> [WHAT YOU HAVE TO DO] Copy the lines of the data below exactly, starting at the first and stopping after the line that contains "NCERT Solutions for"; include no pictures.

Items listed in a dataset:
◇ ◇ ◇ ◇ ◇ ◇ ◇
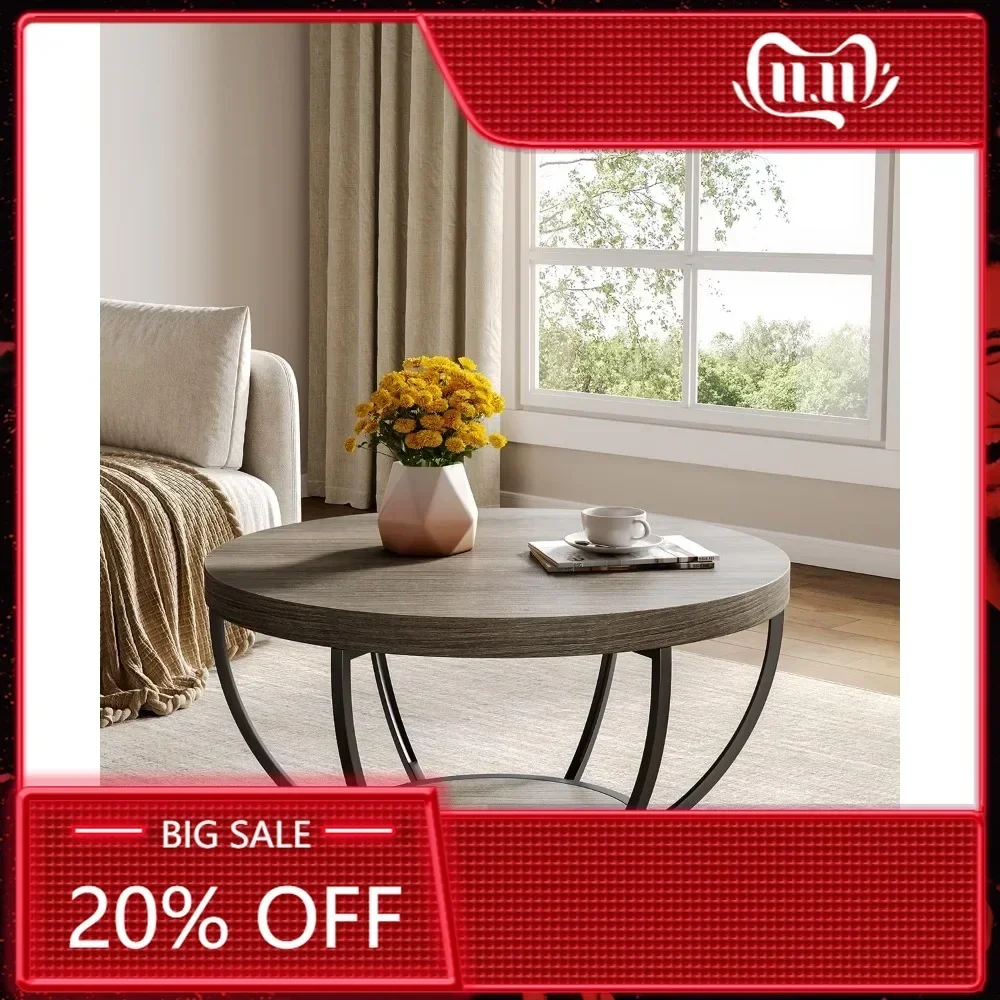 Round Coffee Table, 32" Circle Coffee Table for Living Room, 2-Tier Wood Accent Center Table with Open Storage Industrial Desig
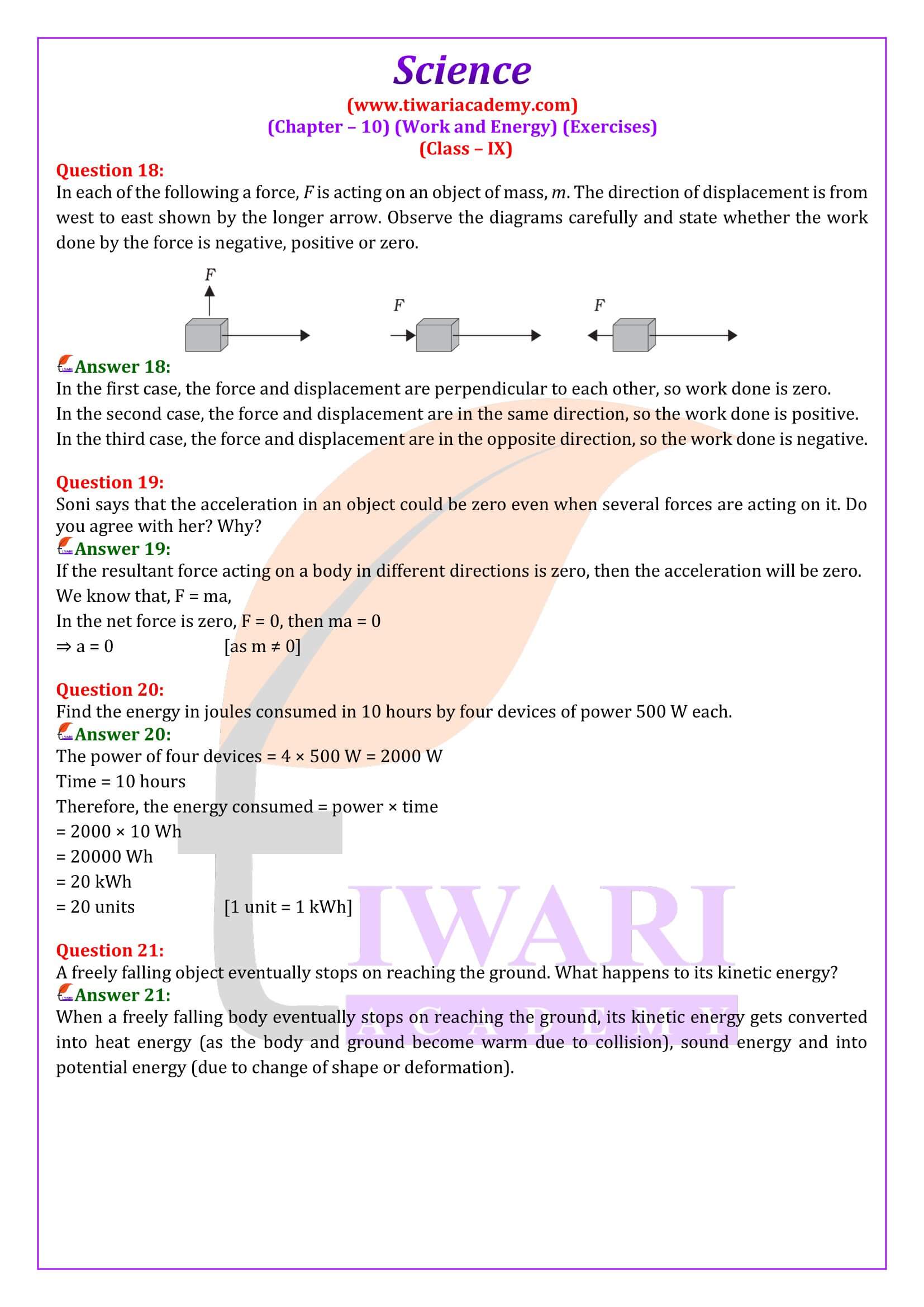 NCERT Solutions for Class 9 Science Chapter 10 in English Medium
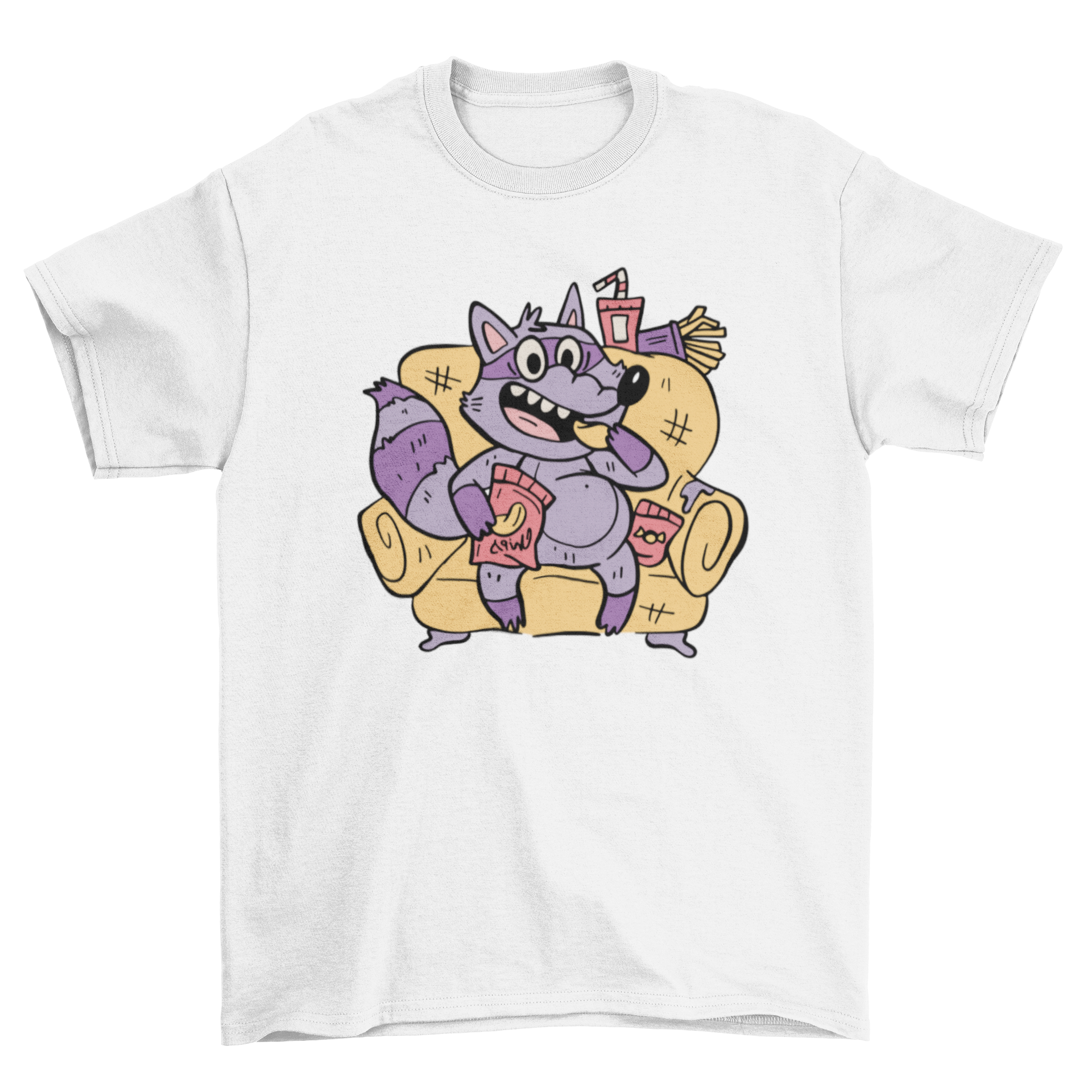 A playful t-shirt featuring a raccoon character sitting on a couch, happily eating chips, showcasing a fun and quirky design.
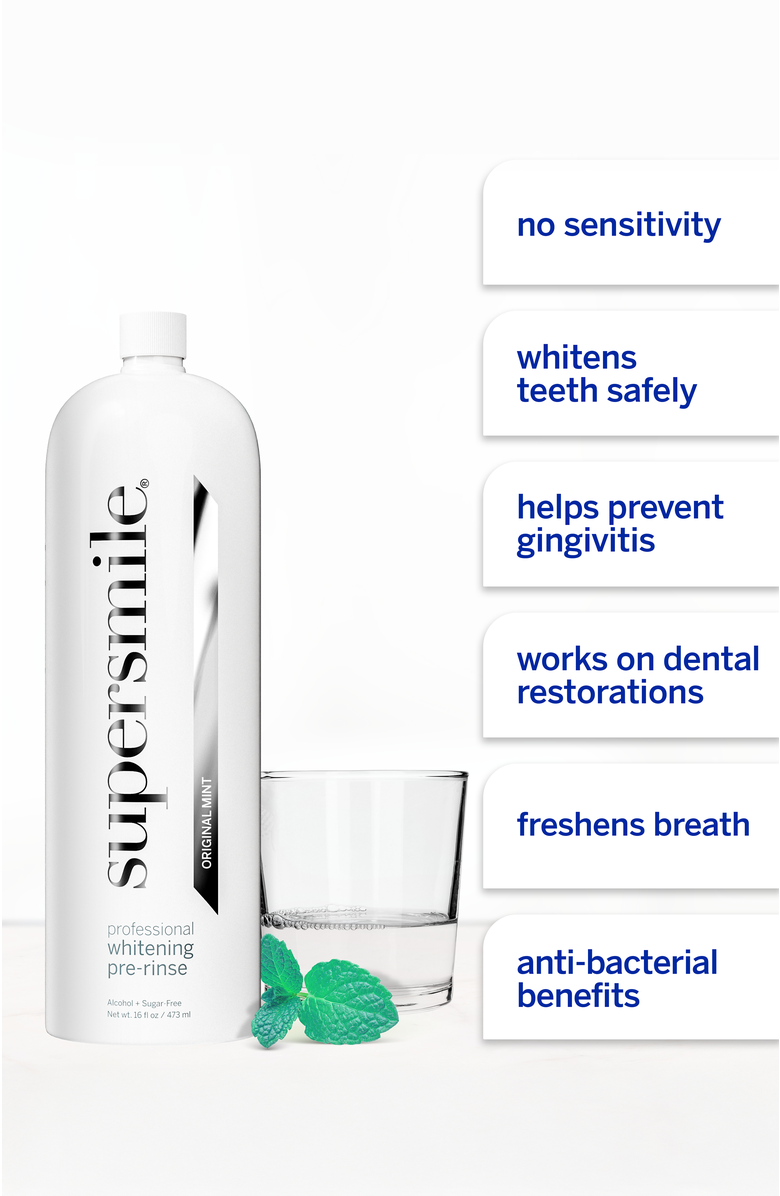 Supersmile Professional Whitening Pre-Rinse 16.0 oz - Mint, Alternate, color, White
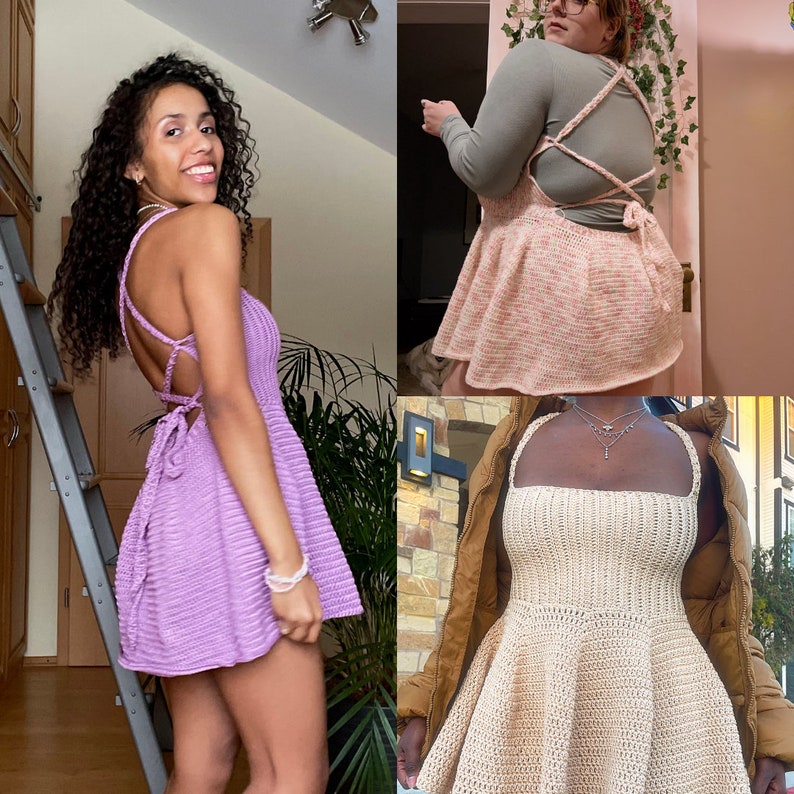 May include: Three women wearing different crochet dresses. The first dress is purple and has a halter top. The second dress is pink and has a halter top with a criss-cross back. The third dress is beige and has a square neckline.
◇ ◇ ◇ ◇ ◇ ◇ ◇
> [TASK RESPONSE]
 Round Coffee Table, 32" Circle Coffee Table for Living Room, 2-Tier Wood Accent Center Table with Open Storage Industrial Desig
 NCERT Solutions for Class 9 Science Chapter 10 in English Medium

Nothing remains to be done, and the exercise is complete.